** Material provided **

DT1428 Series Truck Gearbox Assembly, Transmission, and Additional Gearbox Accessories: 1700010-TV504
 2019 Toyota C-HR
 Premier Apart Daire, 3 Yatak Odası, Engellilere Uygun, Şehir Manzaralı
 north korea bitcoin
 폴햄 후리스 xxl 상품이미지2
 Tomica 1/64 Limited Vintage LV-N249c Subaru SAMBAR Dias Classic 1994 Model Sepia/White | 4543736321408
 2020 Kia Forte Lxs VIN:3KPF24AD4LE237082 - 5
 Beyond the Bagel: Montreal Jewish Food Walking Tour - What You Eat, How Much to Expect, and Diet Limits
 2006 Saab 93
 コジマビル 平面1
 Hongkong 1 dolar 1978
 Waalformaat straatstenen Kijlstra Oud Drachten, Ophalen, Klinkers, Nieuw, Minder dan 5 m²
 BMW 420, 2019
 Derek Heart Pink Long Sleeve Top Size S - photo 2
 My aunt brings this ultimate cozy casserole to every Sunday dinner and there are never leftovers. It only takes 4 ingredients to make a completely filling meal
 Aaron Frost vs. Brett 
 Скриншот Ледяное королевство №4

** Brief **
Reproduce the listing above word for word.

** Result for this exercise **
DT1428 Series Truck Gearbox Assembly, Transmission, and Additional Gearbox Accessories: 1700010-TV504
 2019 Toyota C-HR
 Premier Apart Daire, 3 Yatak Odası, Engellilere Uygun, Şehir Manzaralı
 north korea bitcoin
 폴햄 후리스 xxl 상품이미지2
 Tomica 1/64 Limited Vintage LV-N249c Subaru SAMBAR Dias Classic 1994 Model Sepia/White | 4543736321408
 2020 Kia Forte Lxs VIN:3KPF24AD4LE237082 - 5
 Beyond the Bagel: Montreal Jewish Food Walking Tour - What You Eat, How Much to Expect, and Diet Limits
 2006 Saab 93
 コジマビル 平面1
 Hongkong 1 dolar 1978
 Waalformaat straatstenen Kijlstra Oud Drachten, Ophalen, Klinkers, Nieuw, Minder dan 5 m²
 BMW 420, 2019
 Derek Heart Pink Long Sleeve Top Size S - photo 2
 My aunt brings this ultimate cozy casserole to every Sunday dinner and there are never leftovers. It only takes 4 ingredients to make a completely filling meal
 Aaron Frost vs. Brett 
 Скриншот Ледяное королевство №4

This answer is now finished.